Periodization is simply dividing your training into distinct portions at separate times of the year. Each of these periods is designed to focus on specific aspects of your fitness and get you closer to your goals. Think of it as a way to dissect your year of training into smaller, more manageable chunks that you can chip away at little by little.


Organizing different periods into “blocks” will keep your training organized and ensure you get adequate recovery, hit all of your training zones working towards your goal, and monitor changes over time. These blocks from largest to smallest are mesocycle, macrocycle, and microcycle. Looking at a calendar, these are analogous to a year, month, and week respectively where multiple of each subsequent block fits into the larger.



Mesocycle


The largest, overarching block is the mesocycle, it is often looked at as a 12-month calendar year for convenience and logistics but it doesn't necessarily need to be. Many professional road cyclists start training in early November after a few weeks long off-season, so their mesocycle would be from early November to mid-October the following year. For you, this should be from between your starting point and the date you set your goal to finish. That could be an event, race, or simply a day you want to complete your goal.


Macrocycle


A mesocycle will consist of multiple macrocycles where each one has its own distinct training goals and aspects to be focused on. In general, you will want your training to become more specific to your goal as you get closer to it, if you're 12+ months away from your goal, it is fine to be more casual with your training to prevent burnout. Use cross-training to help with injury prevention, and be less hyper-structured. As you get closer within a few months, you will want your training to be as specific to your goal as possible, and even give yourself opportunities to test yourself in the exact or very similar conditions and circumstances as your goal event would have.

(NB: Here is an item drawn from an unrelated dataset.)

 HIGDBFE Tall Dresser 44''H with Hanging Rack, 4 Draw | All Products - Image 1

In general, a macrocycle will be roughly a month long. Most commonly this will be from a 3-week long progression followed by a week-long recovery and adaptation period. This 4-week cycle is one full mesocycle and you will follow this cycle throughout the year until your goal. Mesocycles don’t need to be 4 weeks long, it is mostly done that way for convenience and on average for most people, 3-weeks is about as long as they can go with a sufficiently difficult progression before needing a rest. If you are early in your pre-season and doing fairly low-intensity riding, you could stretch this to 5,6 or 7 weeks as long as you can adequately recover from it and you don’t dig yourself so deep into a hole at the end of the progression that you are non-functional overreaching.

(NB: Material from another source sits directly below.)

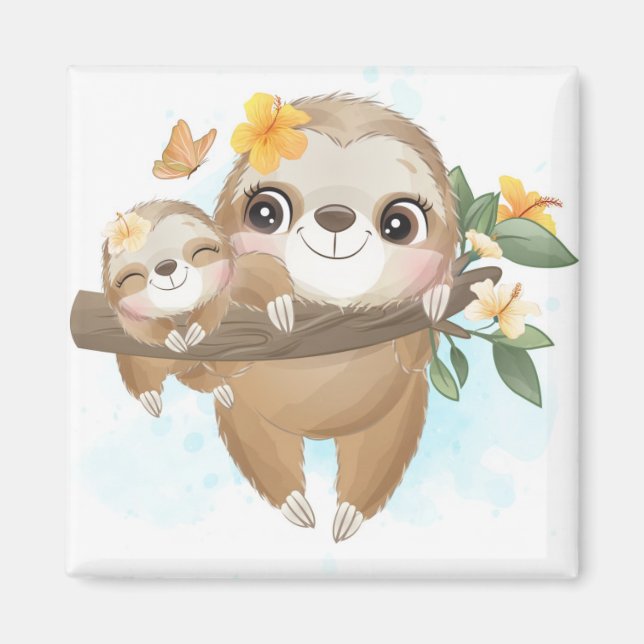 Aimant Mignonne Sloth avec bébé (Devant)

Macrocycles are often organized into different specificity levels where base, build, and specialization are in order from least to most specific.


Base Period


The base period is my favorite time of the year for riding. It generally means long rides, exploring new roads, and eating a lot. This is the furthest training period from your main event and is still not very specific to your event. This period focuses on general cardiovascular fitness which is most effectively achieved through consistently spending time in your endurance zones. You may see professional athletes doing monster rides or putting in huge weeks of riding, this is precisely the time of year when it is most beneficial.


If you have spent any time training at all, even just a year, general cardiovascular gains become exponentially more difficult to achieve. Endurance riding is generally easy enough that you can do loads of it day in, and day out without accumulating unrecoverable amounts of fatigue. It allows you to do a sufficiently high volume where it stresses your body to the point where it can continue to make those aerobic adaptations. This is why duration is often the primary progression you will see during the base phase.

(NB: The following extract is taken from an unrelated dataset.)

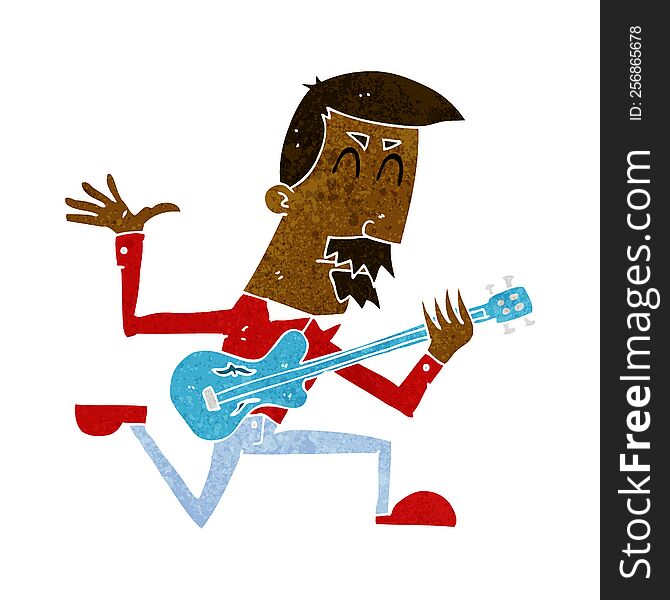 Cartoon Man Playing Electric Guitar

But what if I'm not fit enough to ride 30 hours a week? Should I ride harder in my limited time to get more out of it? Not necessarily. While the physiology of why this intensity is so beneficial is quite complicated and nuanced, the intensity is roughly at the point where your body can most effectively make adaptations to the energy systems that make you more aerobically efficient while minimizing fatigue. Since cycling is an aerobic sport no matter how short your rides or races are (excluding something like the track kilo or sprint events), you will always be relying predominantly on the aerobic energy systems.


In short, the most benefit you can get out of the base period is by riding as much as you can in this endurance zone while still being able to recover every day. If you can regularly ride at 8 hours a week and that's the most you can do before you begin getting fatigued and feeling tired, going straight 14-hour-a-week base period will do more harm than good. The goal of the base progression is to stay just around your maximum recoverable volume until maybe the last week of each block where you can over-reach before the following recovery week.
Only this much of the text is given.